* MATERIAL PROVIDED
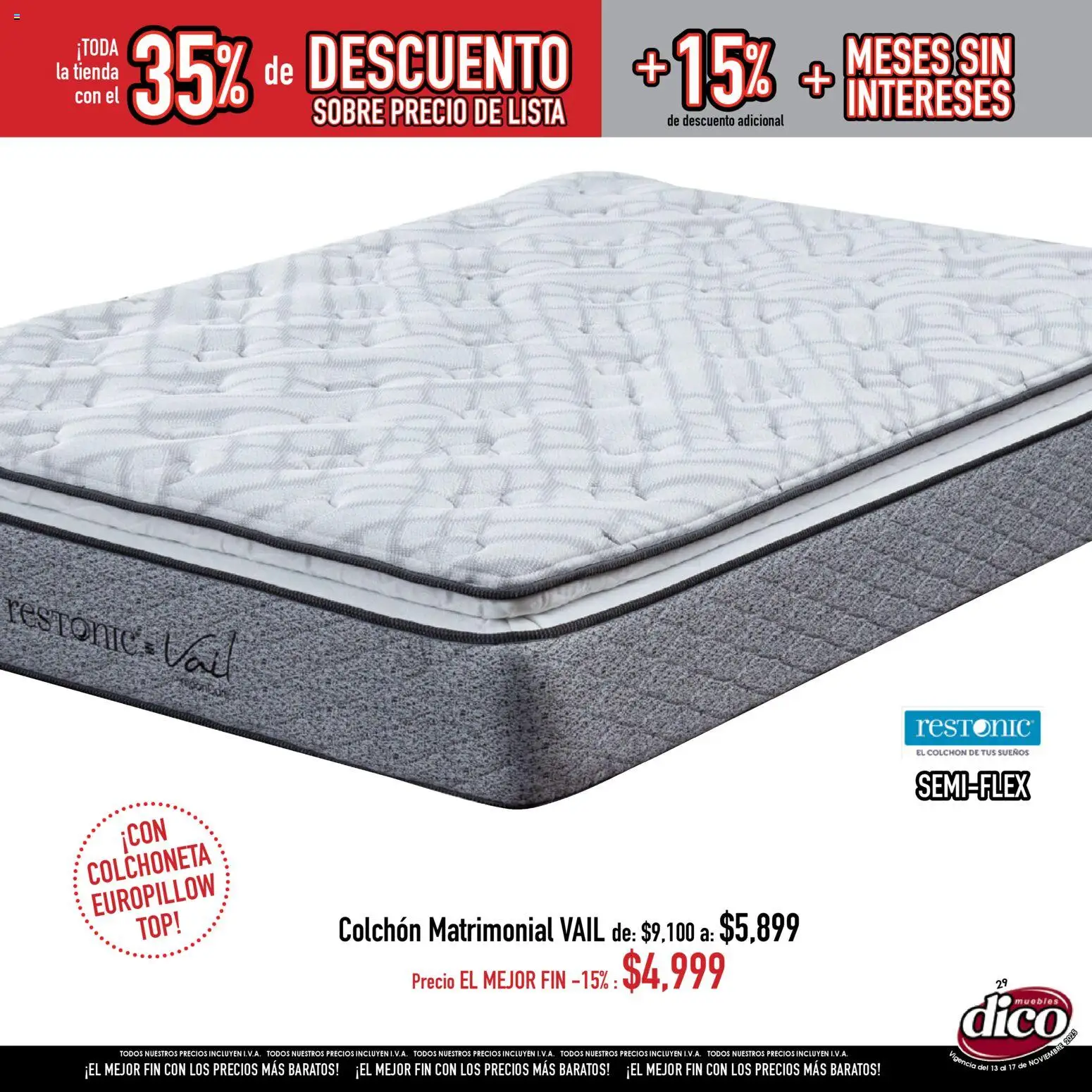 Nuevas ofertas de Muebles Dico válidas en toda la República Mexicana desde el 13.11.2025. ¡Encuentra las mejores ofertas en Muebles Dico Buen Fin ! | Página: 29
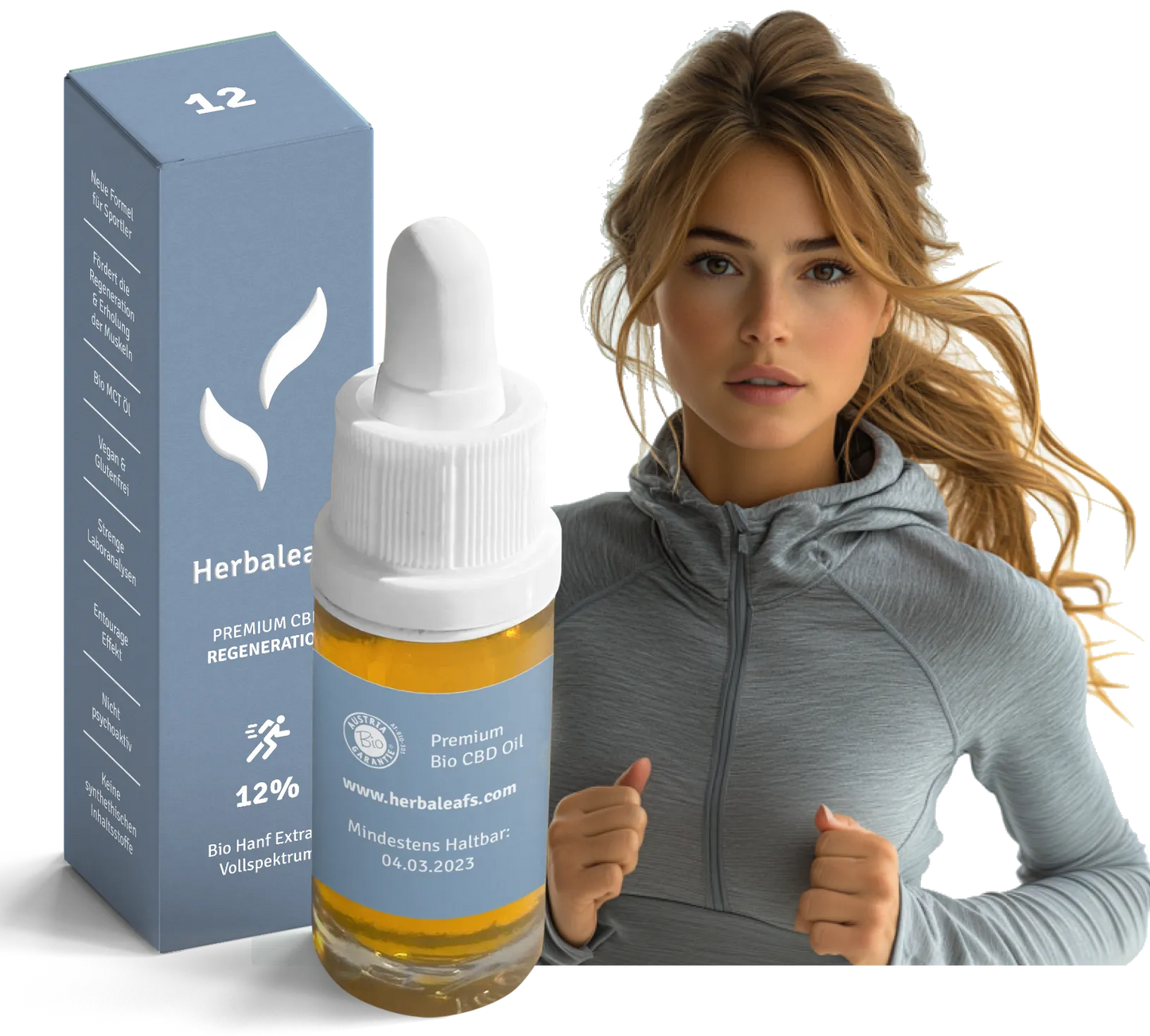 Bildmontage für Herbaleafs Bio CBD Öl für Sportler. Zu sehen ist eine junge Frau neben einer Flasche CBD-Öl für Sportler 4 Prozent.
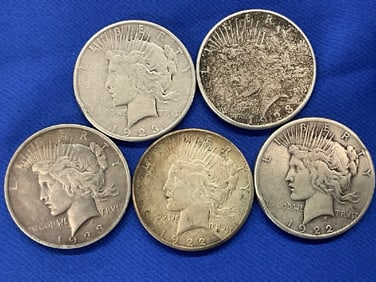 Five (5) U.S. Silver Peace Dollars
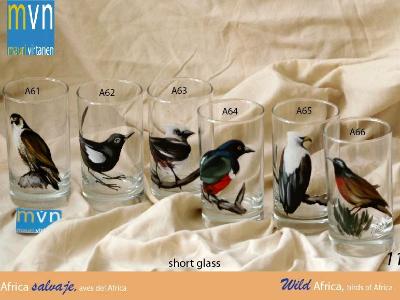 Set of handpainted glasses: BIRDS OF AFRICA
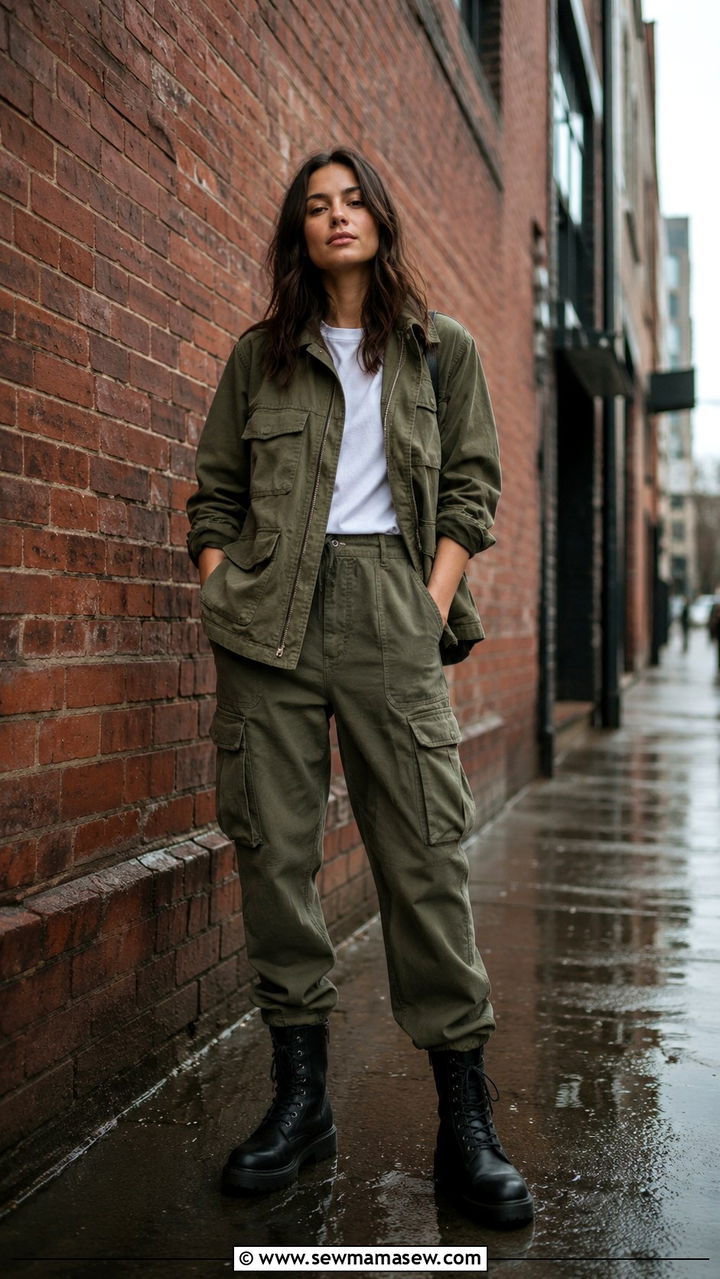 Utility Jacket With Cargo Pants and Combat Boots - 30 rainy day outfits casual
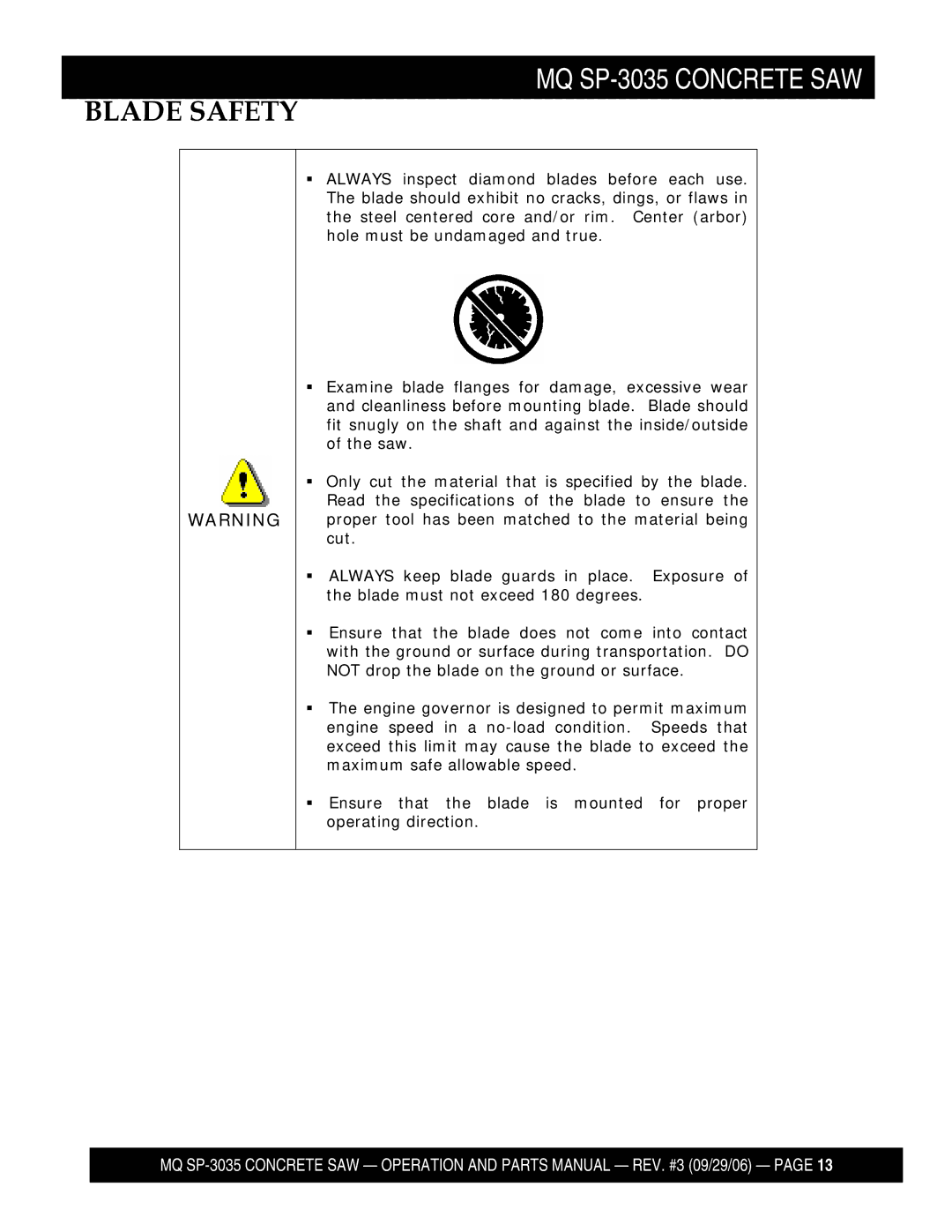 Multiquip SP303520, SP303516, SP303530, SP303526 manual Blade Safety 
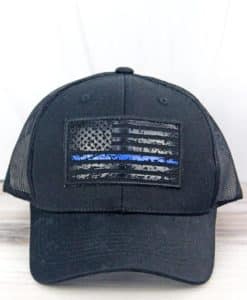 Distressed Black Thin Blue Line Tactical Flag Patch Adjustable Mesh Hat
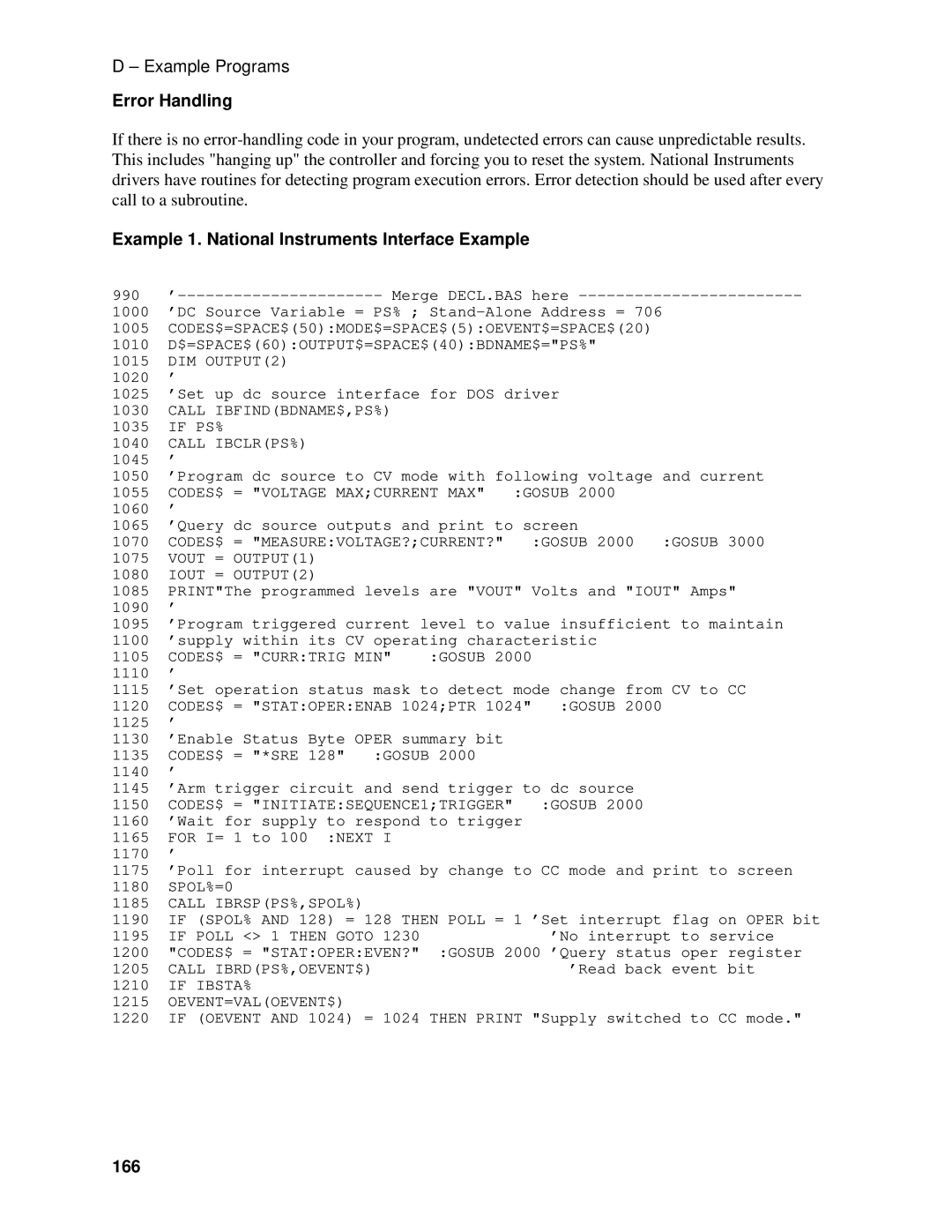 Agilent Technologies 66309B, D, 66311B, 66111A manual Error Handling, Example 1. National Instruments Interface Example, 166 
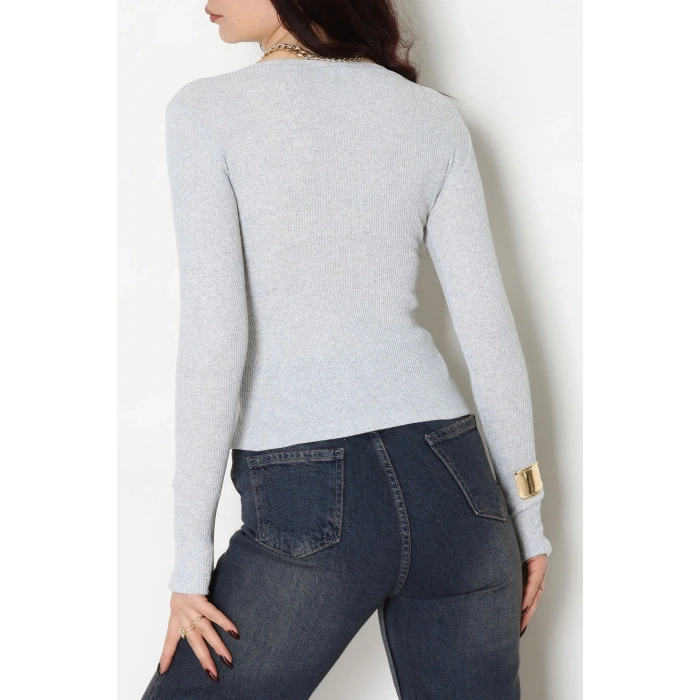 Kaşkorse Parmak Geçmeli Body Gri - 55031.1567.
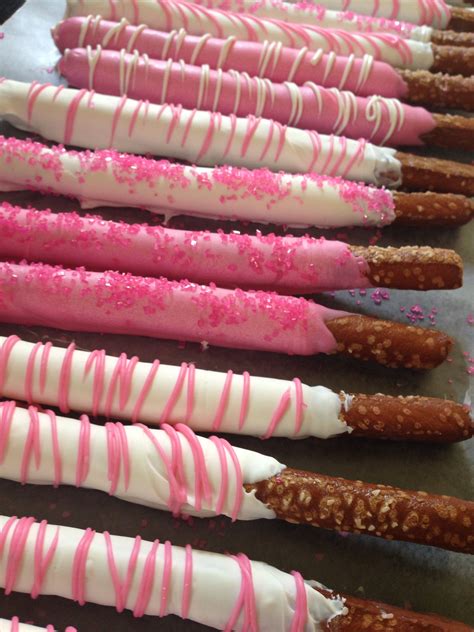 Pink And White Chocolate Covered Pretzel Rods White Chocolate Covered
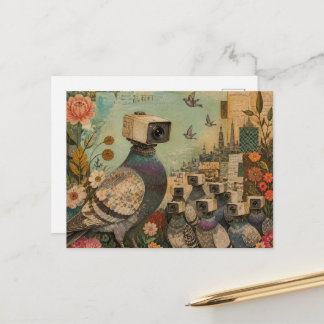 Surreal Camera Pigeons Postcard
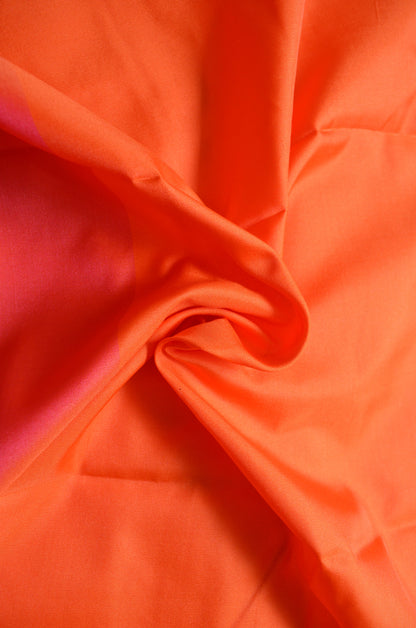 Red Orange Magenta Katan Silk Saree
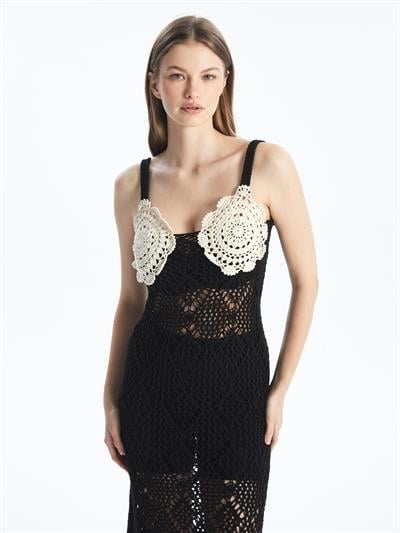 Siena - Örgü ve Çiçek Detaylı Askılı Astarsı Elbise - Siyah Renk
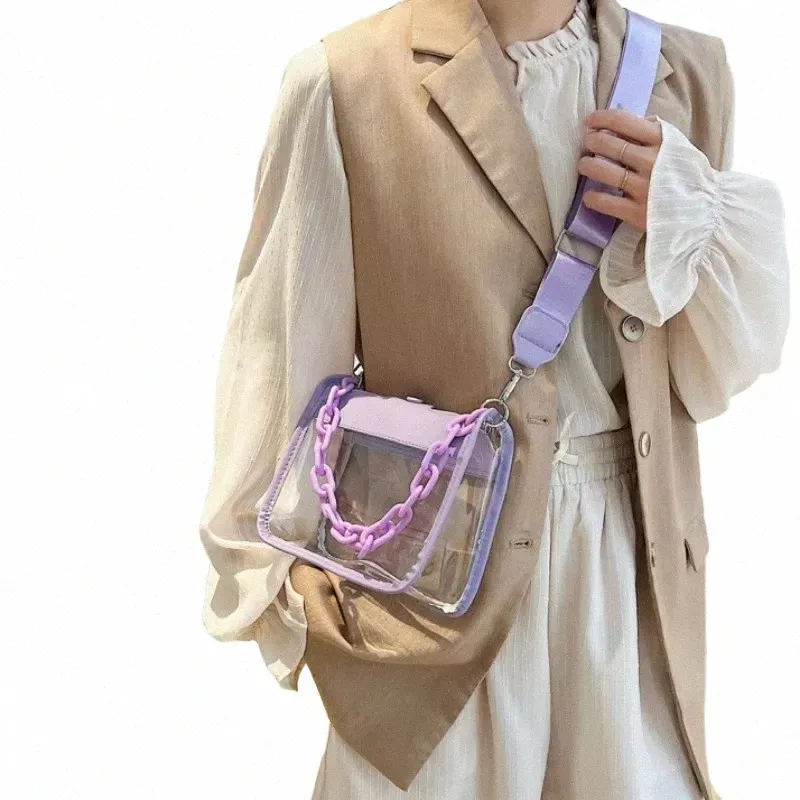 Klare Umhängetasche für Frauen, PVC, transparent, einzelne Schulterkette, tragbar, Menger-Taschen, kleine quadratische Umhängetasche, Mädchen-Geschenk P5xX #
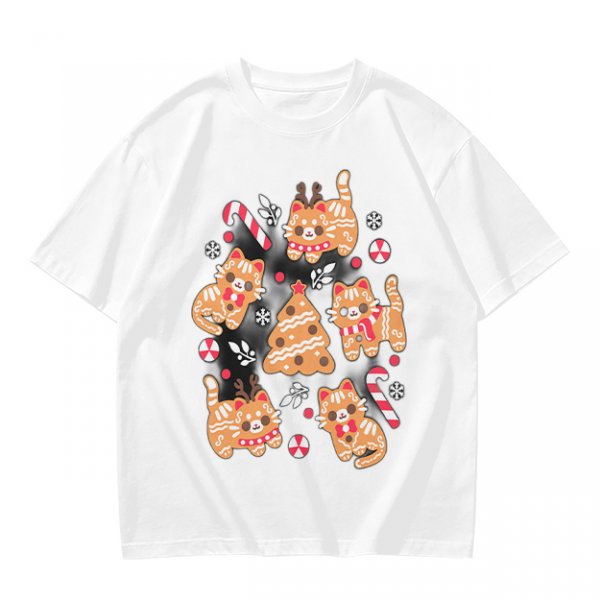 Olive Green Christmas Cat Gingerbread Graphic T-Shirt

* TASK
Could you write out exactly the lines running from the one with "Five (5) U.S. Silver Peace Dollars" through the last line of the data above, both ends kept, and omit any picture?

* OUTPUT
 Five (5) U.S. Silver Peace Dollars
 Set of handpainted glasses: BIRDS OF AFRICA
 Utility Jacket With Cargo Pants and Combat Boots - 30 rainy day outfits casual
 Multiquip SP303520, SP303516, SP303530, SP303526 manual Blade Safety 
 Distressed Black Thin Blue Line Tactical Flag Patch Adjustable Mesh Hat
 Agilent Technologies 66309B, D, 66311B, 66111A manual Error Handling, Example 1. National Instruments Interface Example, 166 
 Kaşkorse Parmak Geçmeli Body Gri - 55031.1567.
 Pink And White Chocolate Covered Pretzel Rods White Chocolate Covered
 Surreal Camera Pigeons Postcard
 Red Orange Magenta Katan Silk Saree
 Siena - Örgü ve Çiçek Detaylı Askılı Astarsı Elbise - Siyah Renk
 Klare Umhängetasche für Frauen, PVC, transparent, einzelne Schulterkette, tragbar, Menger-Taschen, kleine quadratische Umhängetasche, Mädchen-Geschenk P5xX #
 Olive Green Christmas Cat Gingerbread Graphic T-Shirt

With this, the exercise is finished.